---------- Dataset records
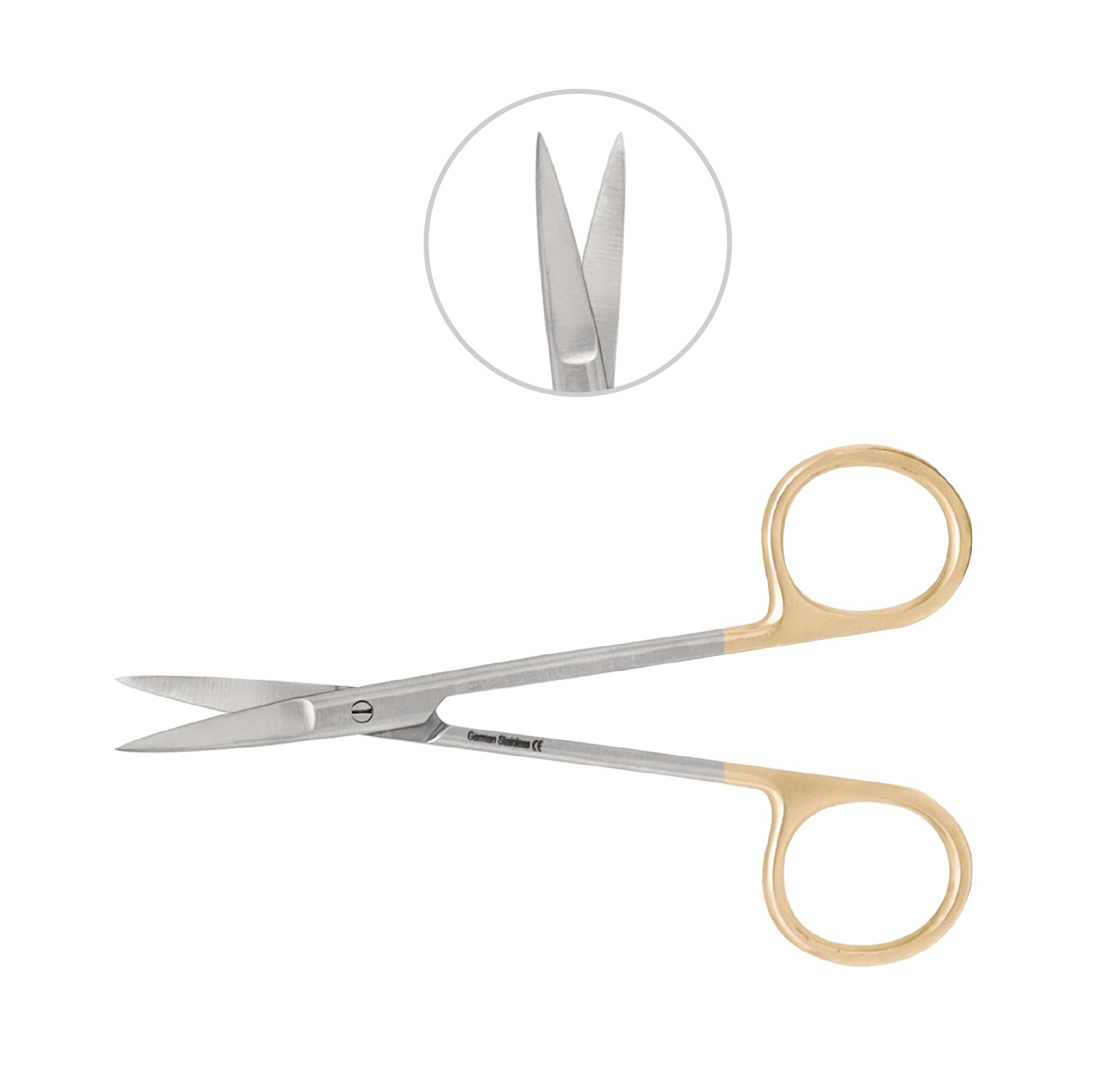 Operating Iris Standard Scissors Straight 11cm TC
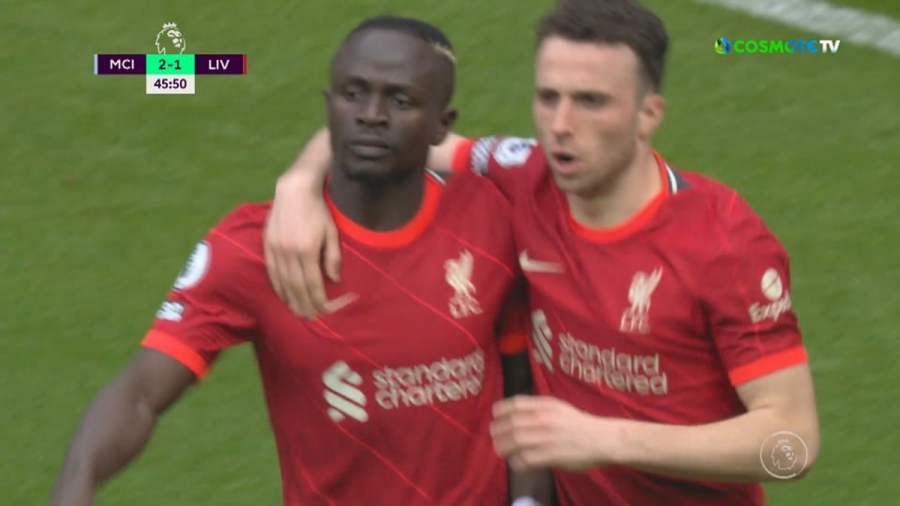 Μάντσεστερ Σίτι – Λίβερπουλ 2-2: Ισοφάριση 50 δευτερόλεπτα μετά την έναρξη του β’ ημιχρόνου από τον Μανέ (video)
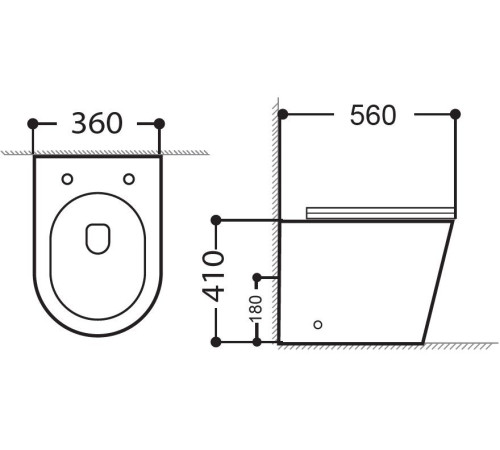 Унитаз приставной Aquanet Rimless Atago 2.0 F LX-1906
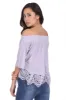 Grey Off The Shoulder Crochet Top sold by AX Paris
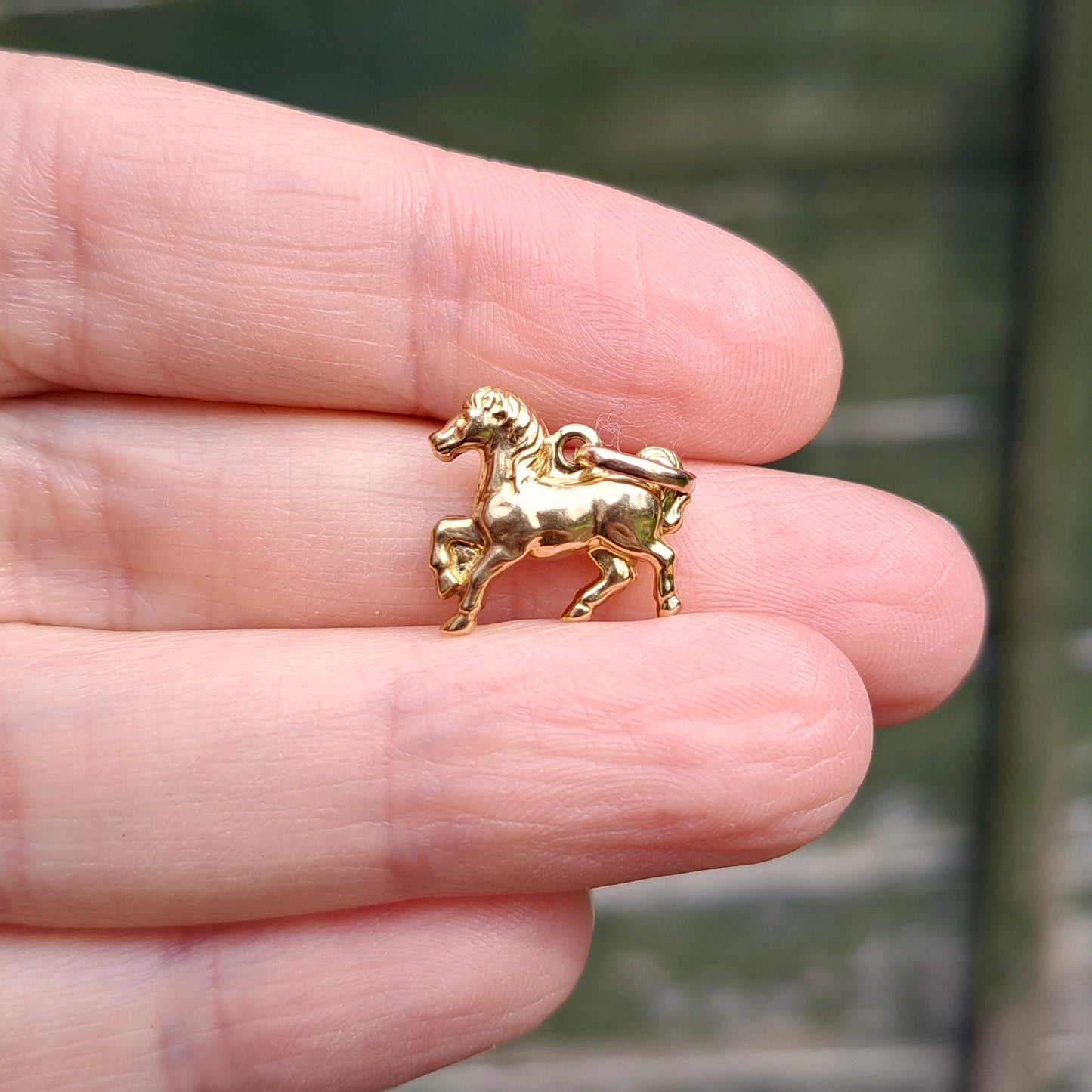 9ct Gold Horse Charm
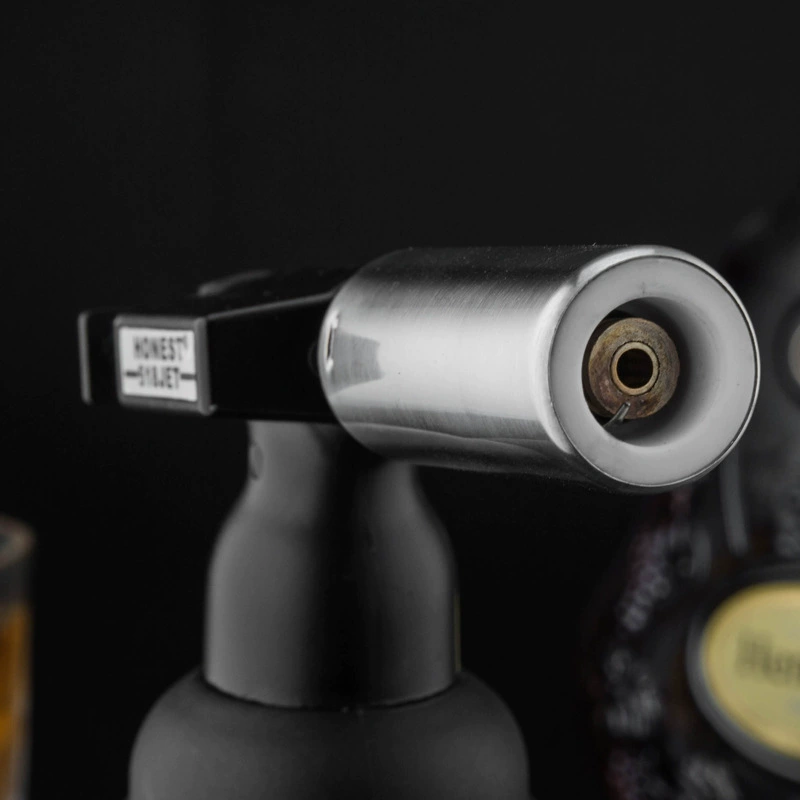 Large direct injection torch lighter creative outdoor windproof personality metal torch camping tool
--------------------
Exercise details: Print, exactly and without pictures, the lines from the one holding "Унитаз приставной Aquanet" through the last line of the entries above, both included.

Answer box:
 Унитаз приставной Aquanet Rimless Atago 2.0 F LX-1906
 Grey Off The Shoulder Crochet Top sold by AX Paris
 9ct Gold Horse Charm
 Large direct injection torch lighter creative outdoor windproof personality metal torch camping tool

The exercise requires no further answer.